Contribution externe

Une opinion Miriam Ben Jattou et plusieurs signataires (voir ci-dessous). Ce texte a été initialement publié dans le cadre du Riposte contradictoire "Faut-il totalement dépénaliser l'avortement?". L'opinion contradictoire est intitulée Congés de maternité: "Les femmes belges sont parmi les moins bien loties d’Europe".

En ce début de législature fédérale, le débat sur la dépénalisation totale de l’IVG est de retour dans l’hémicycle. En effet, la loi du 15 octobre 2018 (1) qui actualisait la loi de 1990, avait consisté en une réforme partielle, faite d’avancées à la marge, laissant les femmes et de nombreuses associations et professionnel.le.s de terrain insatisfait.e.s.

L’ancien Premier Ministre, Charles Michel, vantait cette loi d’être une avancée historique pour les droits des femmes. Celle-ci était en réalité un leurre car, malgré la sortie effective de l’IVG du Code pénal, les femmes qui y recourraient et les médecins qui la pratiqueraient en dehors des conditions prévues resteraient punissables sur le plan pénal. Peut-on dès lors réellement parler d’une dépénalisation totale et d’une telle avancée historique ?

Pour la suppression des sanctions pénales Dans le courant du mois d’octobre 2019, quatre propositions de loi concernant la dépénalisation de l’IVG ont été présentées en Commission Justice de la Chambre. À l’issue d’un travail parlementaire de convergence, un compromis a été trouvé, qui reprend les mesures suivantes :

  • Le délai d’interruption volontaire de grossesse passe de 12 à 18 semaines à partir de la conception ;

  • Le délai de réflexion obligatoire imposé aux femmes qui demandent une IVG passe de 6 jours à 48 heures ;
  • L’obligation faite aux médecins d’informer la patiente sur les possibilités d’adoption est supprimée ;
  • Les sanctions spécifiques en cas de non-respect des conditions légales sont supprimées.
  • Pourquoi ne pas y consentir alors qu’un arsenal juridique est déjà prévu dans le droit commun de la responsabilité civile et pénale et s’applique en tout état de cause aux praticien.ne.s ? En effet, ils et elles sont soumis aux règles de droit comme l’interdiction des coups et blessures volontaires et involontaires ou encore à l’interdiction de procéder à une IVG sans l’accord de la patiente.

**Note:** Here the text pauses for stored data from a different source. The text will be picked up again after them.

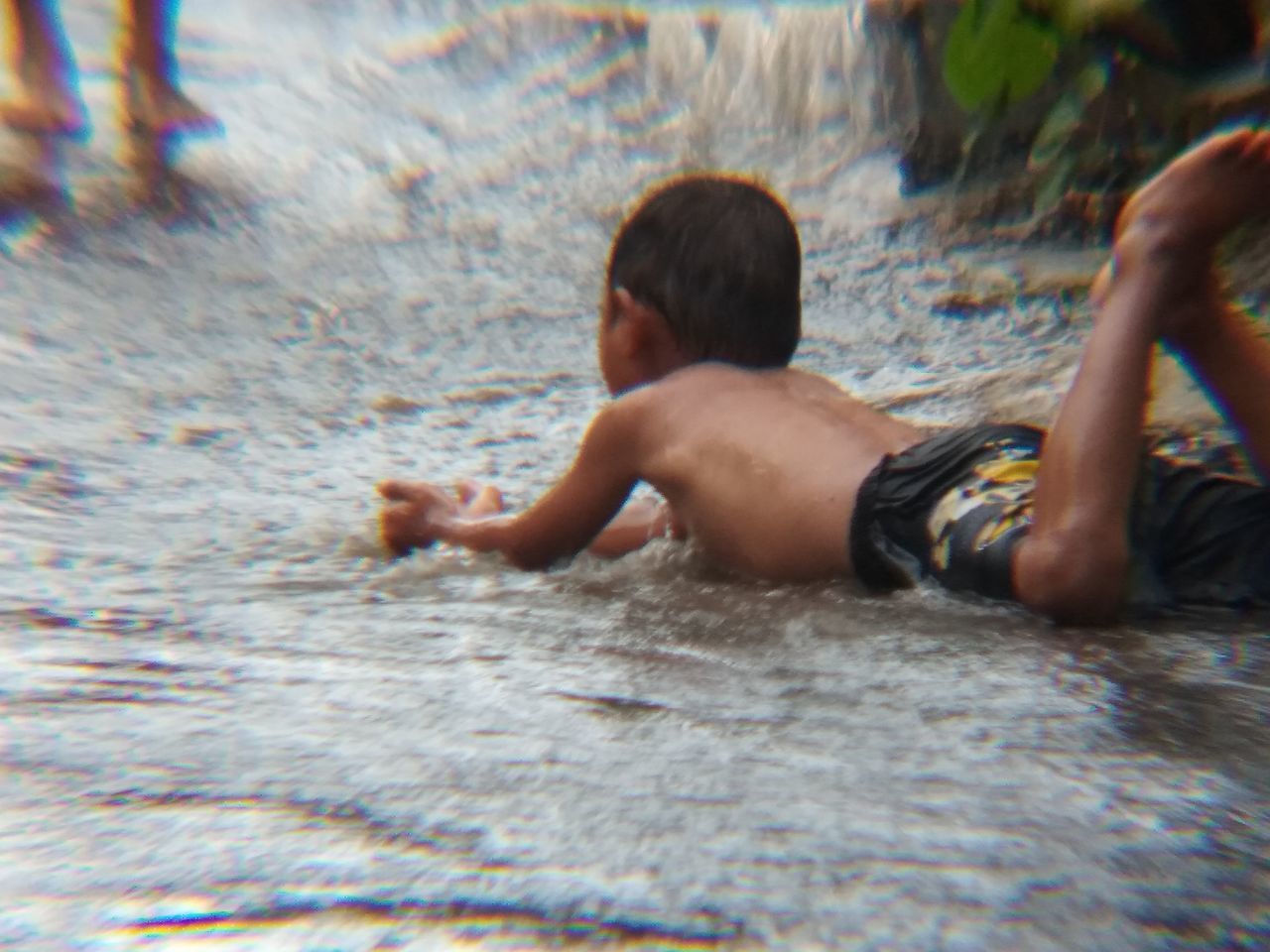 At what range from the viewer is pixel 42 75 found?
16.8 ft

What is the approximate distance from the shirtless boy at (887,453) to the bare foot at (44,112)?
3403 millimetres

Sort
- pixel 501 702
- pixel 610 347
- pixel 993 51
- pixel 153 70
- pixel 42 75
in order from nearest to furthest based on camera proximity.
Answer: pixel 501 702 < pixel 610 347 < pixel 993 51 < pixel 42 75 < pixel 153 70

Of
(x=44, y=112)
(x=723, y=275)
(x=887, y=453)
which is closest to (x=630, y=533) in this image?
(x=723, y=275)

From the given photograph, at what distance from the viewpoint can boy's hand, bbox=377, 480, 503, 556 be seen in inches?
97.8

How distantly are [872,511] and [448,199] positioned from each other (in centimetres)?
467

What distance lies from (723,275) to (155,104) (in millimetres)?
3963

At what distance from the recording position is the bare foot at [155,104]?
5.48m

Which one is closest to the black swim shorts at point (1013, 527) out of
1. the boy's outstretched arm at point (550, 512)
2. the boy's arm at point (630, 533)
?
the boy's outstretched arm at point (550, 512)

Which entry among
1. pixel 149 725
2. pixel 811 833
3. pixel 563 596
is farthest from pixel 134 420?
pixel 811 833

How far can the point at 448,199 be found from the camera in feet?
20.7

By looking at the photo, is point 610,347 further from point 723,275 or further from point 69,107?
point 69,107

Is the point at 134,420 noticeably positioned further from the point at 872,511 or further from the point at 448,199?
the point at 448,199

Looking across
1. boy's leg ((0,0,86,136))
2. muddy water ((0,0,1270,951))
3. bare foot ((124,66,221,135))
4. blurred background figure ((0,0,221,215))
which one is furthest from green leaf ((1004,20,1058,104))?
bare foot ((124,66,221,135))

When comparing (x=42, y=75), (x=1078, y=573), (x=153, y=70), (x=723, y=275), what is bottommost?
(x=1078, y=573)
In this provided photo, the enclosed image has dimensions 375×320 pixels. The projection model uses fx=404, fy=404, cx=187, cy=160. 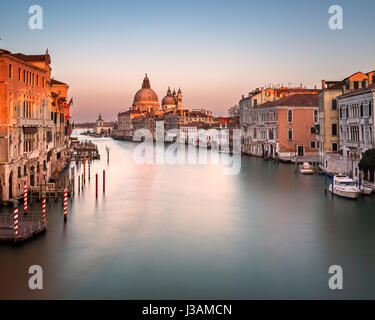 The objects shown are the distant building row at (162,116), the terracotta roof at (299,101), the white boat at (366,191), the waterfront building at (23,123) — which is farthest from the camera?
the distant building row at (162,116)

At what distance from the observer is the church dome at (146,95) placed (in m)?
115

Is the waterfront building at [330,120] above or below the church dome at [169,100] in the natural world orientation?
below

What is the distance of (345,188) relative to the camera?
1510 centimetres

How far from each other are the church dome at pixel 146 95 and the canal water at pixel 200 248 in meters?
98.8

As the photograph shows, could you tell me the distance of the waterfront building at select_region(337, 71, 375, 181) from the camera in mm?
16453

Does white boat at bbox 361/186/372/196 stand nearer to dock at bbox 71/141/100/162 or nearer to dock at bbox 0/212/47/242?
dock at bbox 0/212/47/242

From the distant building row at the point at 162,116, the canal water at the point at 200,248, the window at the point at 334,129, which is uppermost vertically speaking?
the distant building row at the point at 162,116

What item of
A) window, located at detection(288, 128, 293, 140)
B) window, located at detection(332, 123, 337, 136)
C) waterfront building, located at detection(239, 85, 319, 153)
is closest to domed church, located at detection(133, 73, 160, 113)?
waterfront building, located at detection(239, 85, 319, 153)

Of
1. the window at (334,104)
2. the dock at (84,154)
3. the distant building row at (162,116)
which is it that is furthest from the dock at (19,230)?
the distant building row at (162,116)

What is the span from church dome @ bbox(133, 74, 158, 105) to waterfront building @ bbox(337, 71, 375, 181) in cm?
9612

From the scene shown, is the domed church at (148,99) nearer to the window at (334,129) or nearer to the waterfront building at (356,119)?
the window at (334,129)

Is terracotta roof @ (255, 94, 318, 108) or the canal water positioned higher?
terracotta roof @ (255, 94, 318, 108)

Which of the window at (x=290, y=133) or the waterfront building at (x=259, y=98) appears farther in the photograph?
the waterfront building at (x=259, y=98)

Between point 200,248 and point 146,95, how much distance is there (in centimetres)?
10762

    Pourquoi vouloir ajouter des sanctions pénales spécifiques à l’IVG ? Pourquoi contribuer encore et toujours à la stigmatisation des femmes qui y recourent ? Pourquoi inquiéter les médecins sans nécessité, dans la mesure où ceux-ci et celles-ci agissent toujours dans le cadre de leur responsabilité civile, pénale et déontologique préexistante ?

    Il est grand temps de sortir de la dimension moralisatrice qu’implique le maintien de ces sanctions spécifiques. Il est urgent d’adopter une conception de l’IVG qui a trait à la santé publique et aux droits des femmes en général. L’avortement doit être considéré comme un droit des patientes : c’est à dire comme un acte médical et non comme un délit. Les dispositions légales qui l’entourent doivent donc s’apparenter à une loi de santé publique et non un cadre légale moralisateur !

    Pour l’intégration d’un critère psycho-social Une mesure particulière est reprise dans les propositions des partis Ecolo, PTB et Défi (mais actuellement non soutenue par une majorité NdlR): la possibilité de pratiquer une IVG au-delà des 18 semaines légales lorsque cela s’avère justifié sur la base d’un critère psycho-social.

    Dans la pratique, cette clause permettrait de couvrir des circonstances particulières comme les cas de violences conjugales, de viol ou encore de déni de grossesse. Il s’agit d’une avancée importante pour les femmes.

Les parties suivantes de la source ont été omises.